# No Luck with Platys



## RobinA

Ok, I finally have to ask about this. I have had my 30 gallon for 20 years and my 10 gallon for about 7. I love platys and am always hearing how they are an easy fish. I have NEVER had a platy or a sword last more than a month. My tanks are cycled, no ammonia, no nitrite. My ph is quite high, 8.0-8.2, but I've given up trying to regulate it. I have about a half a teaspoon of salt per gallon in each tank, although I just started the salt about ten years ago and the platys die regardless of salt. 

I have had tetras of various kinds, all sorts of barbs, loaches, mollies, angelfish, a black ghost knife, a bala shark, and various other freshwater fish you find at the pet store. All breeds lived long and happy lives. Gouramis don't seem to like either tank, but I can live without them. 
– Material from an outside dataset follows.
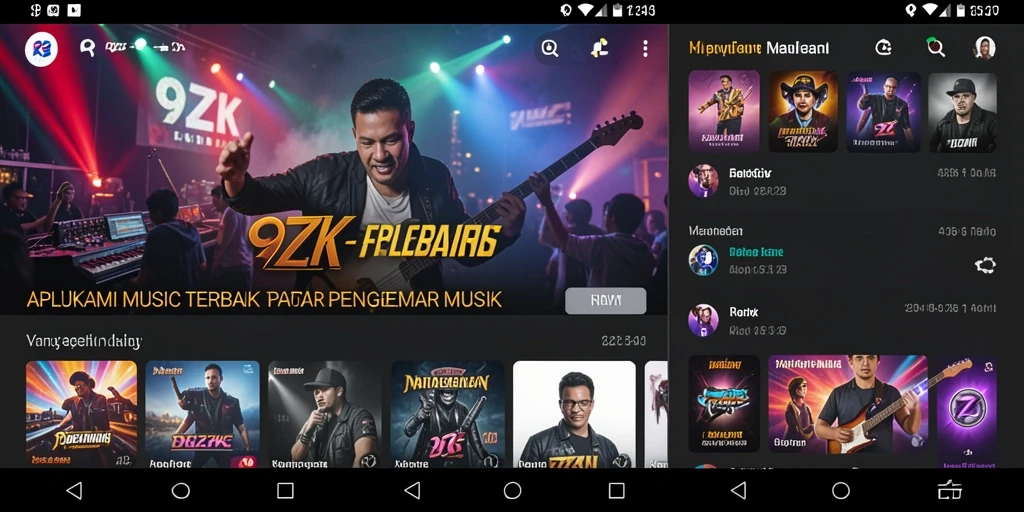 Screenshot utama 9ZK menampilkan antarmuka aplikasi musik yang menarik.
I want platys in all their many colors very much, but it just does not work. I get them, they are OK for a couple days, then they get lethargic and die. The only platy this didn't happen to was the most beautiful fish I ever had, orange and black, lyretail, stark raving crazy, committed suicide by jumping out of the lid opening in the back of the tank. Is it the ph? Every other breed besides the gouramis does fine.


----------



## Oldman

A few simple observations. 
First observation: Most of the fish that are thriving in your tanks like water that is very low in mineral content. That is simply not true for platies. Have you checked your GH or TDS to see where the water mineral content stands? Although high pH water is often high in mineral content, it is not a certainty. Salt is not needed in any tank except a saltwater or brackish tank, and in those you want a sea salt mix, not table salt or "aquarium salt".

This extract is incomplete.